- The 50 pence coin shows King Charles III without a crown and facing left, in keeping with a tradition for each successive monarch to switch profile.
- The coins will be in circulation before the end of the year, and other denominations will be minted featuring the same image next year.
- Existing coins featuring Queen Elizabeth II will remain in use until they are naturally phased out.
LONDON — The first coin featuring King Charles III was unveiled Friday and is set to be in public usage before the end of the year.
The 50 pence coin shows a likeness of the British king created by British sculptor Martin Jennings, who said it was his smallest-ever work.
King Charles is facing left on the coin, in keeping with a tradition that sees each successive monarch switch profile.
He is not wearing a crown, which previous kings also did not, though Queen Elizabeth II did in the five coins produced during her reign.
The same image will be used on coins from the 1 pence to £2 from the start of next year.
The text on the new coin says "CHARLES III • D • G • REX • F • D • 5 POUNDS • 2022," a shortening of the Latin "King Charles III, by the Grace of God, Defender of the Faith," the BBC reported.
The existing 29 billion coins featuring the queen in circulation in the U.K., as well as in Commonwealth countries including Australia, New Zealand and Canada, will remain legal tender and be phased out naturally and over time with use.
It was once common for the public to carry coins featuring more than one monarch.
The Royal Mint, which has made coins featuring the monarch for over 1,100 years and is Britain's oldest company, said it would be available to collectors next week and in general use before the end of the year.

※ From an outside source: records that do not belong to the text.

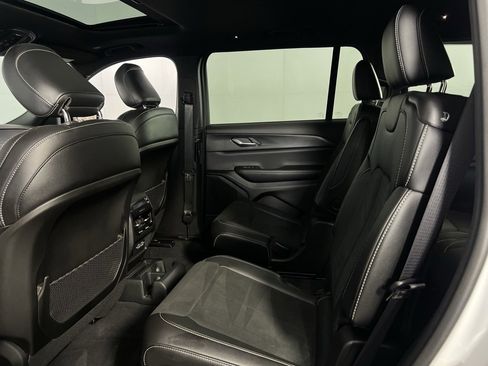 Certified 2024 Jeep Grand Cherokee L Altitude image 25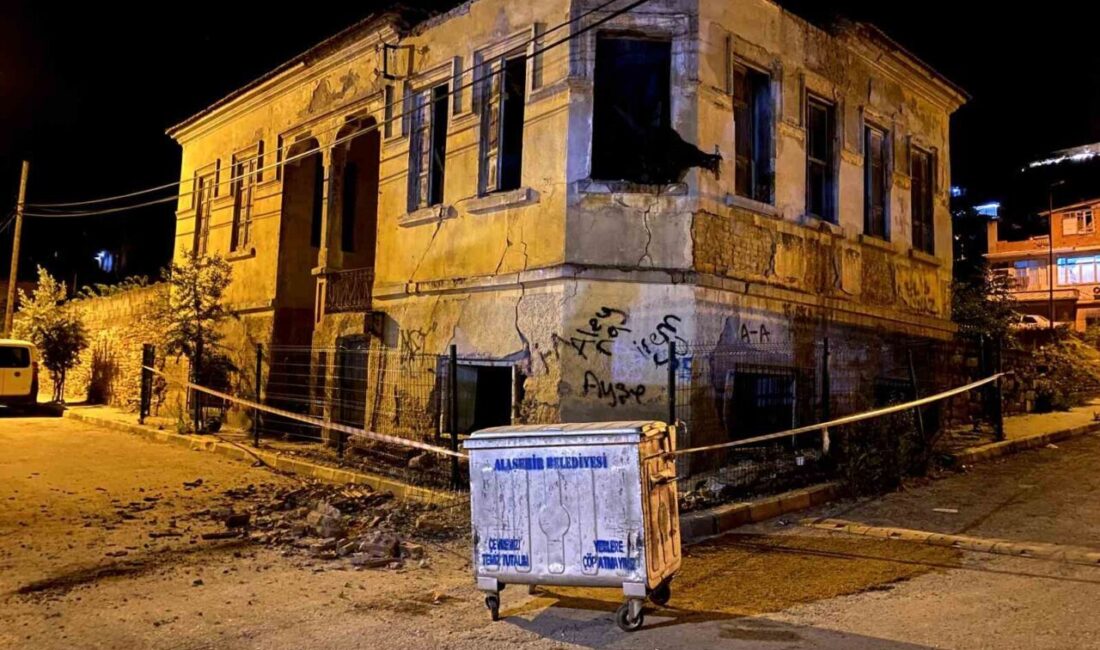 Manisa’nın Alaşehir ilçesinde 2 katlı tarihi binanın çatısı ve duvarlarının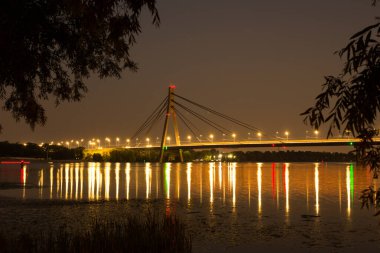Gece Kiev 'de Kuzey Moskova köprüsü
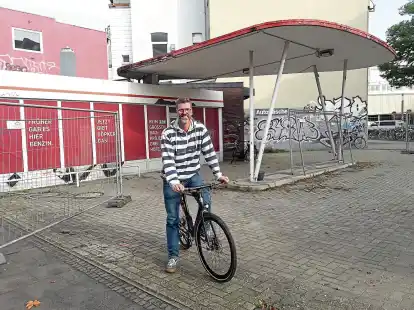 Frank Glanert an dem neuen Treffpunkt f&uuml;r Radfahrerinnen und Radfahrer.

"Although technology has progressed, we continue to honour British craftsmanship passed down through the centuries," said Anne Jessopp, chief executive at the Royal Mint.
"Our team of skilled modellers, tool-makers and engravers will ensure that the King's effigy will be faithfully replicated on to millions of coins."
The Royal Mint will also release a commemorative £5 Crown — a coin intended as a souvenir or collector item that is not generally accepted for use — featuring images of Queen Elizabeth II near the start and end of her 70-year reign.
King Charles ascended to the throne on Sept. 8. following the death of Queen Elizabeth II, his mother.
This week the palace said the cause of death recorded on her death certificate was "old age." She was 96.